Adam Kantz is an improviser, composer, and creative coder currently based on the east coast of the United States. His work is rooted in the spirit of musical experimentation across a wide range of modern musical practices and traditions.
He is committed to the simultaneously self-determining and collaborative nature of musical improvisation as a compositional tool and works with an ever-expanding group of musicians and composers in the creation of new music. Through applying various emerging machine listening and machine learning possibilities, Adam’s intentions are to expand laptop performance to open new pathways for the relationship between musician and computer.
Abstract Black is one of many highly notable projects of jayve montgomery, a Nashville sound artist and multi-instrumentalist of the Chicago school of Free, Creative, and Improvised musics, Sonic Healing Ministries sector. He was Senior Program Specialist for the Chicago Park District’s Inferno Mobile Recording Studio (2006-2013), a collaborative sound making program for youth and people with disabilities. He was also a curator and artist-in-residence at Brown Rice (2008-2012), an art space for listening in Chicago, IL.
Since moving to Nashville, he has become an integral member of the improvised and experimental music scene of the city and region; gaining local recognition for Nashville Scene solo performance of the year 2019; and becoming alum of Pitchfork Music Festival (Standing on the Corner), High Zero Festival of Improvised and Experimental Music, and True/False Film and Music Festival. 2021 has taken Montgomery on two tours of France with The Bridge.
"Montgomery’s new music, released on cassette by Nashville label Banana Tapes, doesn’t sound out of place in the current jazz scene. In Circles With Self could make a bookend with bassist and singer Esperanza Spalding’s work, and it bears similarities to glitchy, hip-hop-influenced repertory records like MAST’s 2018 Thelonious Sphere Monk. Even though he’s been influenced by jazz, Montgomery hasn’t set out to rework the jazz repertoire.
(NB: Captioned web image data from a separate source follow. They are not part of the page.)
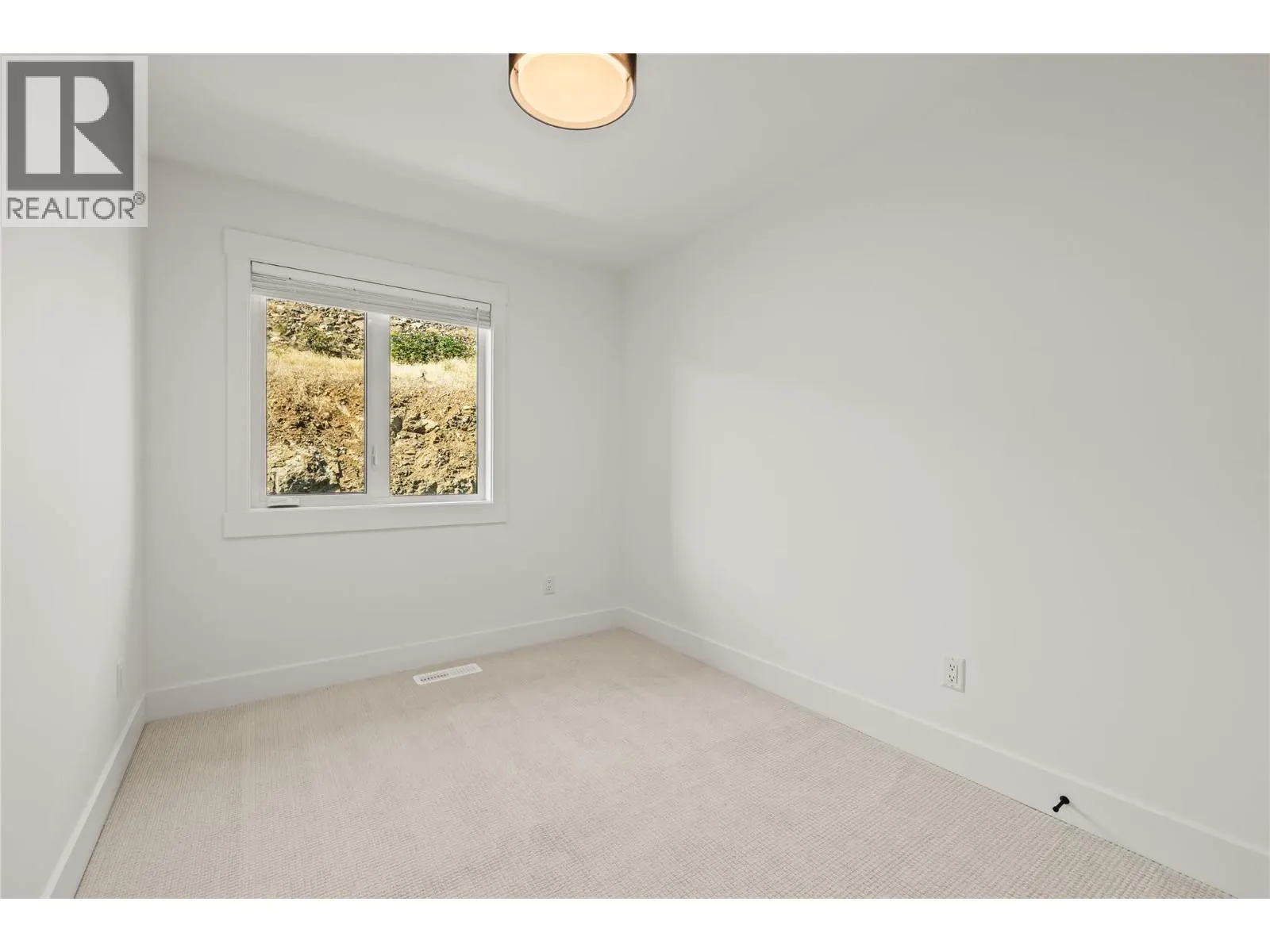 2835 Canyon Crest Drive Unit# 17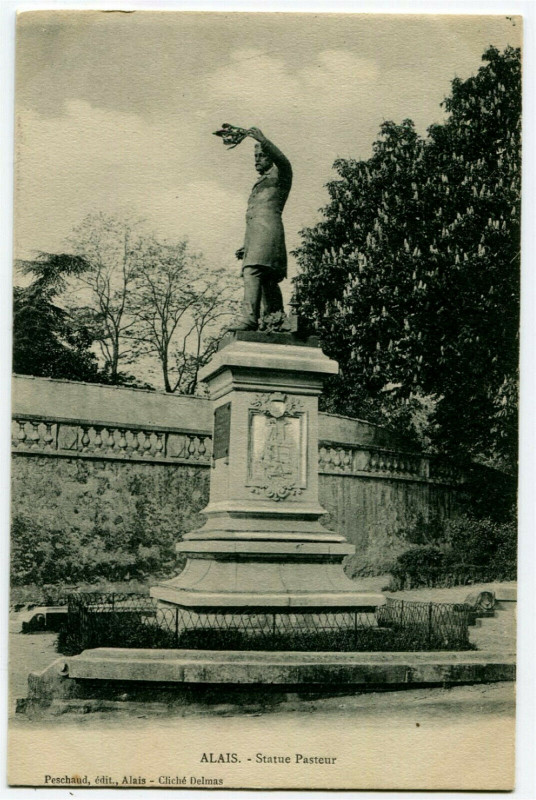 Carte postale ancienne Gard Alais Statue Pasteur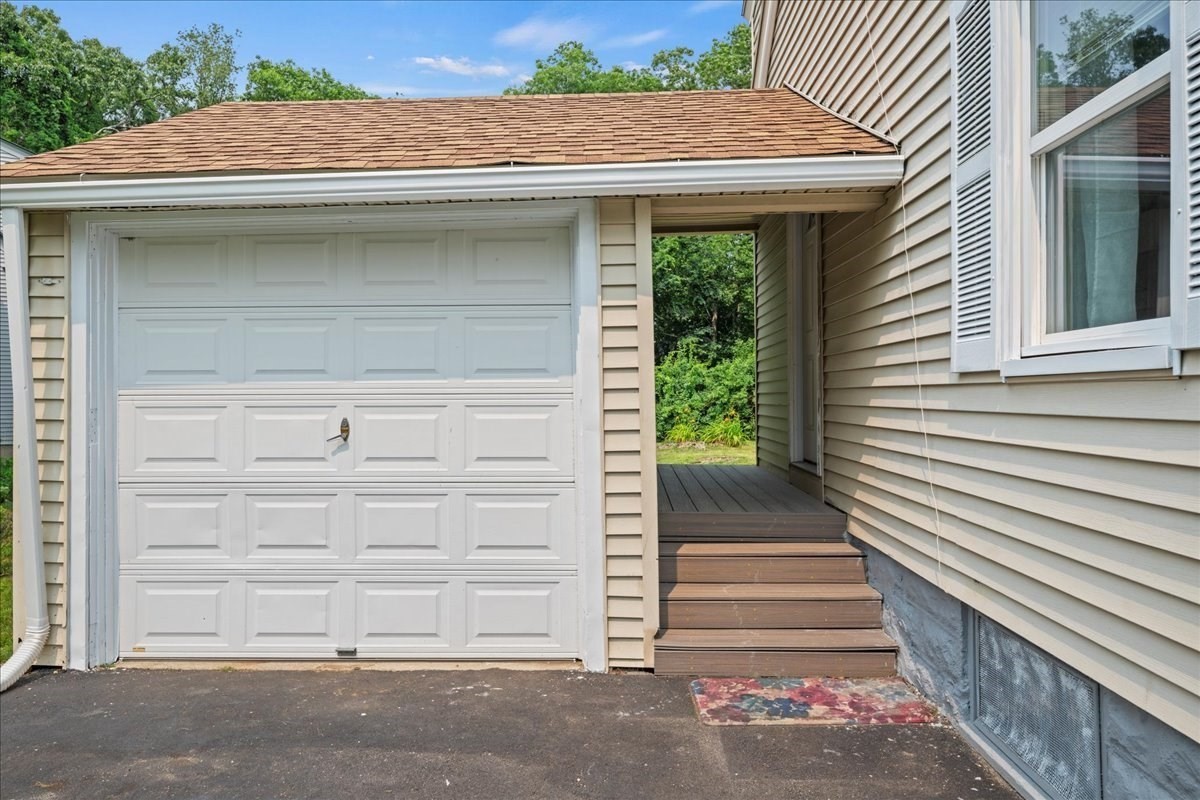 6 Oakwood Ave Property Photo 6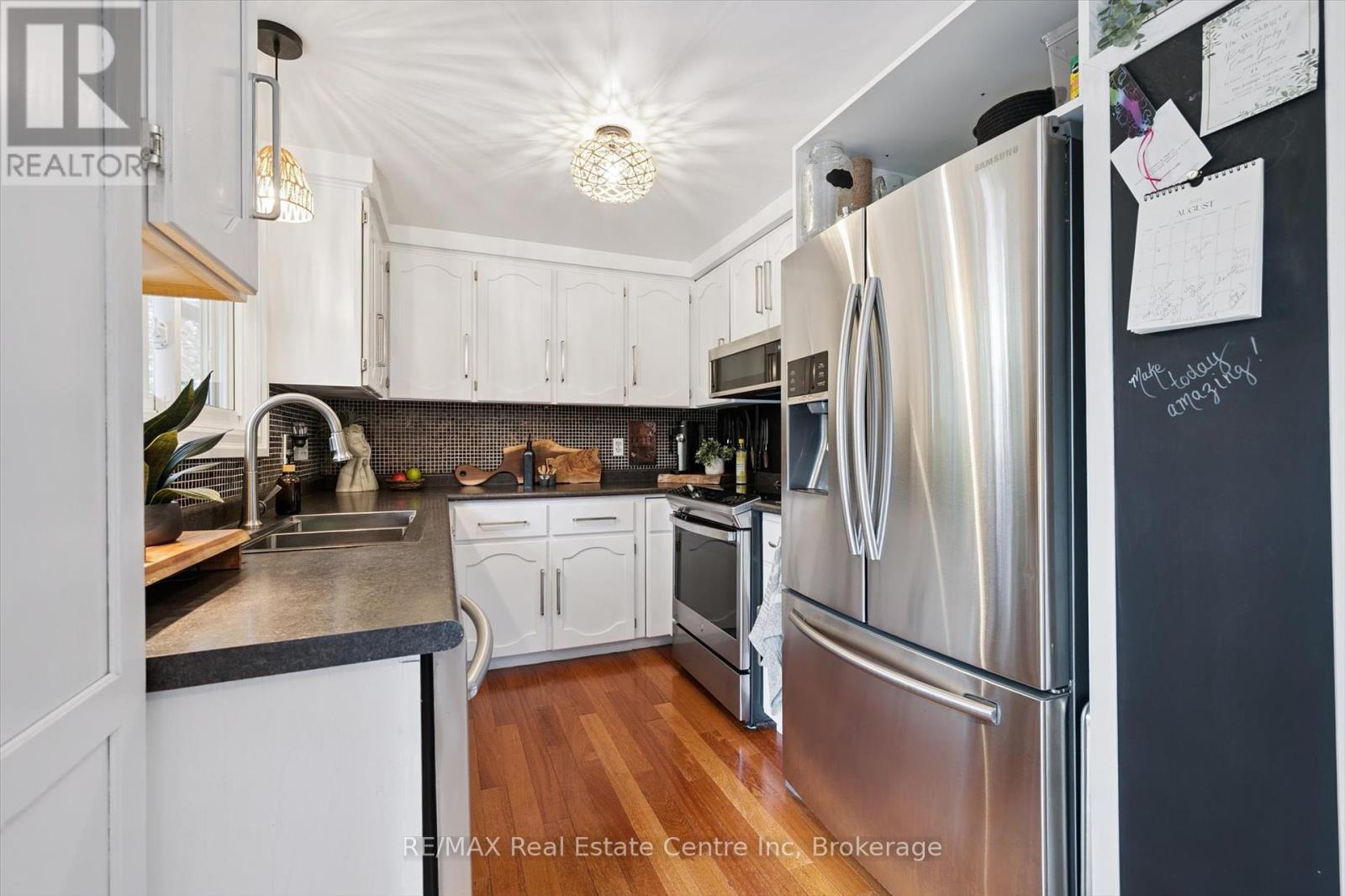 53 Rochelle Drive, Guelph (Willow West/sugarbush/west Acres), Ontario  N1K 1L1 - Photo 13 - X12378930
His Abstract Black recordings combine spoken-word sections with sections that use circular looping, and he also plays saxophone with a skronky bite that is immensely satisfying.
For Montgomery, an admirably unfettered musician who seems determined to seize the moment, jazz is a constant presence, but he says it might be merely a point of departure. As he tells me, “It’s taking this concept of great black music, Sun Ra-influenced stuff, and putting it into the circles.”